## AIM OF THE TASK
Make an exact copy, without pictures, of the lines below from the one containing "Bulón para Barrena" to the last line, both ends included.

## GIVEN RECORDS
::::::::::

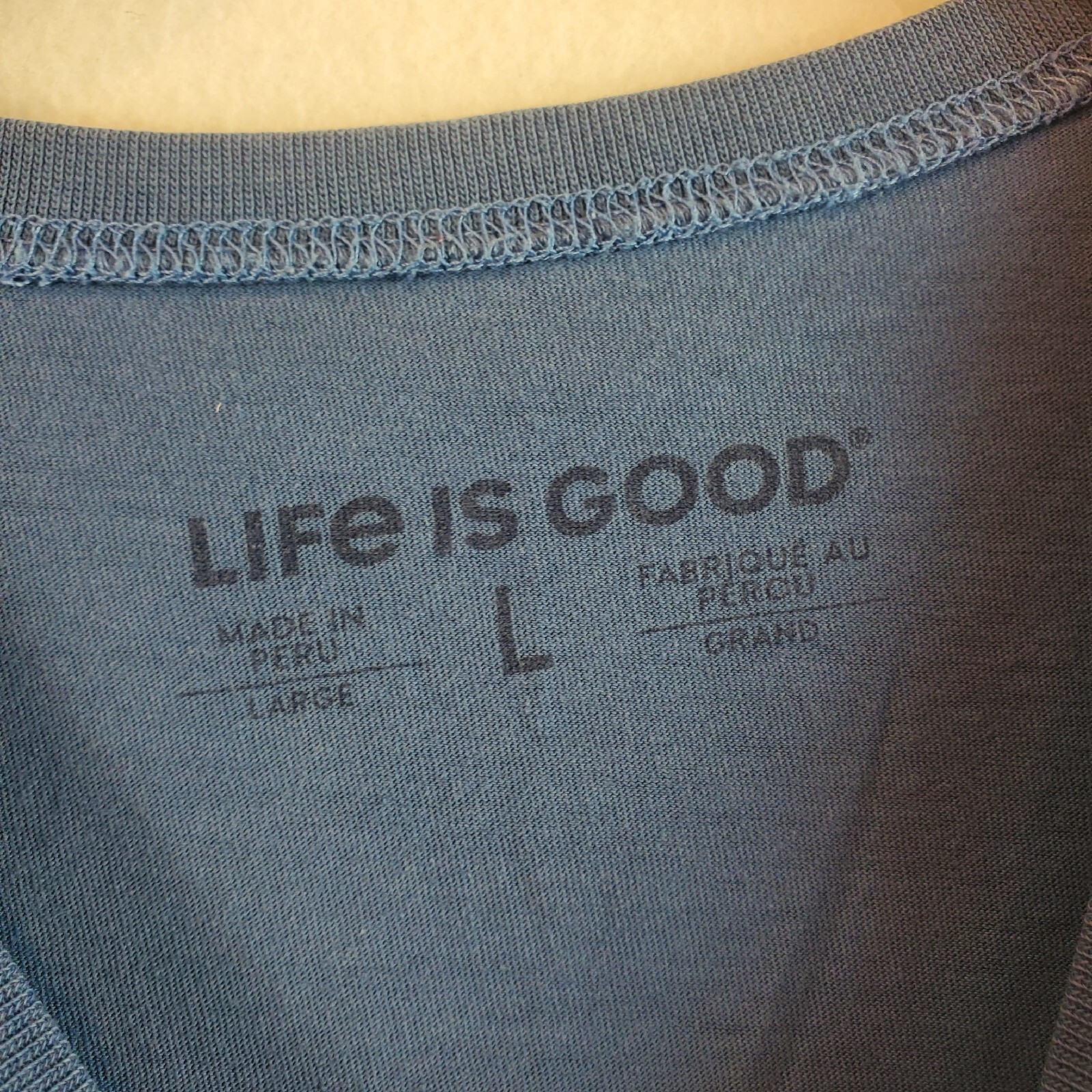 Life is Good Men's tshirt Land of the Free Home of the Brave American Flag Shirt gallery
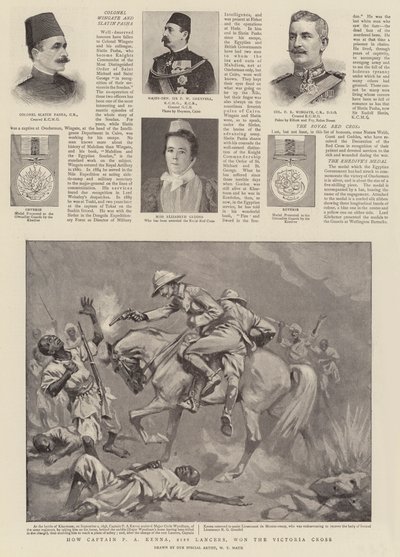 Hoe Kapitein P A Kenna, 21st Lancers, het Victoria Cross won door William T. Maud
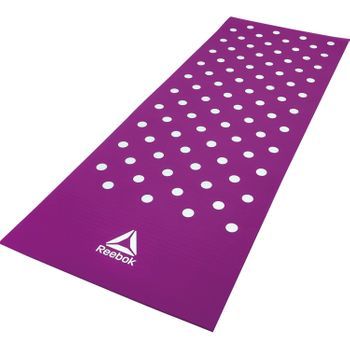 Alfombra De Entrenamiento Reebok Spots 7 Mm Púrpura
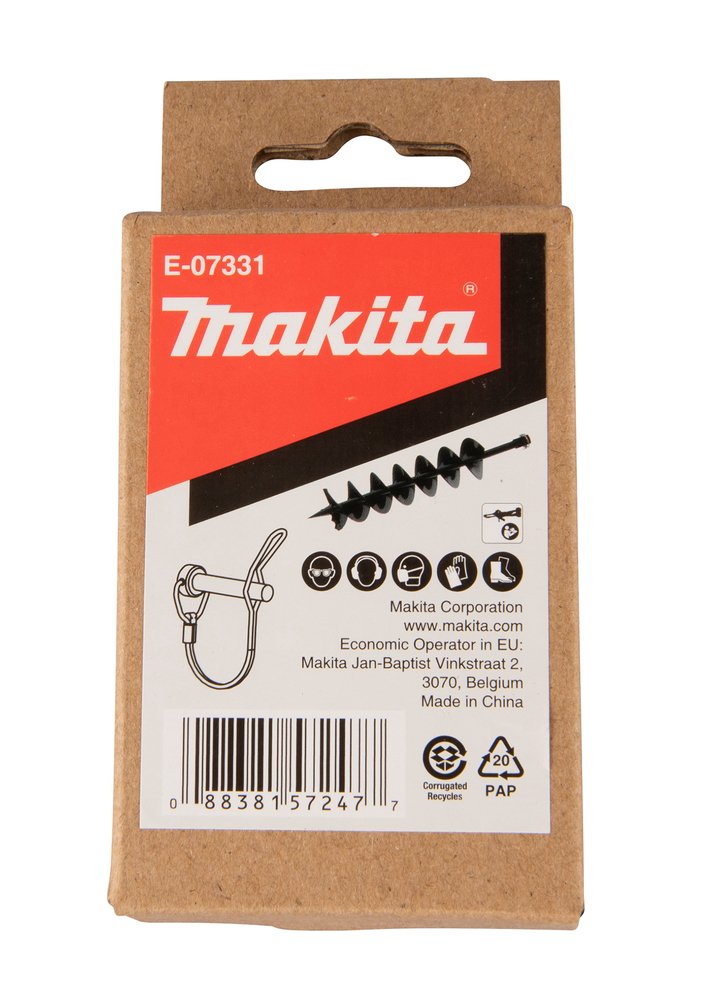 Bulón para Barrena Makita E-07331 gasolina jardín - Imagen 4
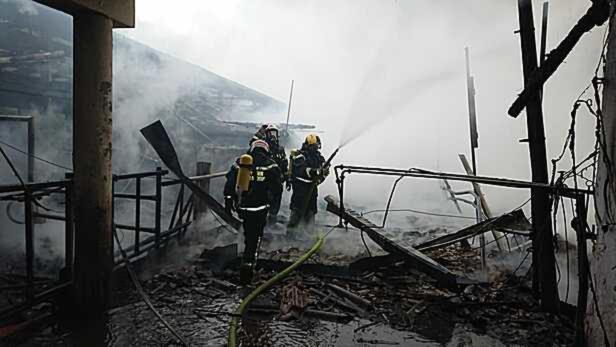 Großbrand auf Bauernhof im Bezirk Mödling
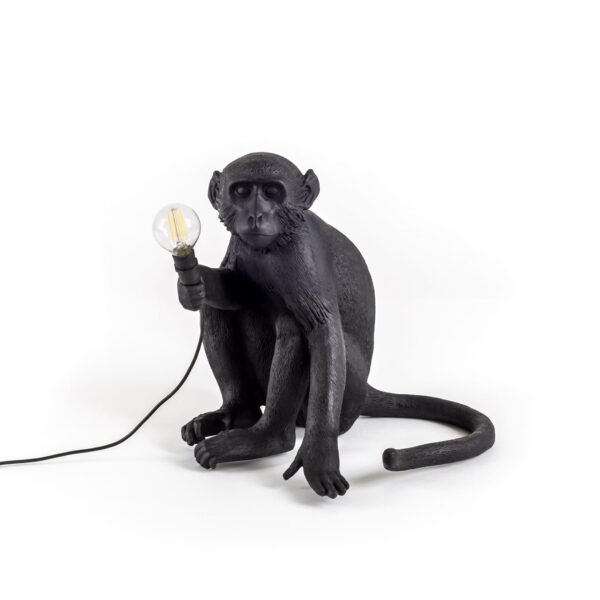 The Monkey Lampada Nero Sitting Version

::::::::::

## RESULT OF THIS TASK
 Bulón para Barrena Makita E-07331 gasolina jardín - Imagen 4
 Großbrand auf Bauernhof im Bezirk Mödling
 The Monkey Lampada Nero Sitting Version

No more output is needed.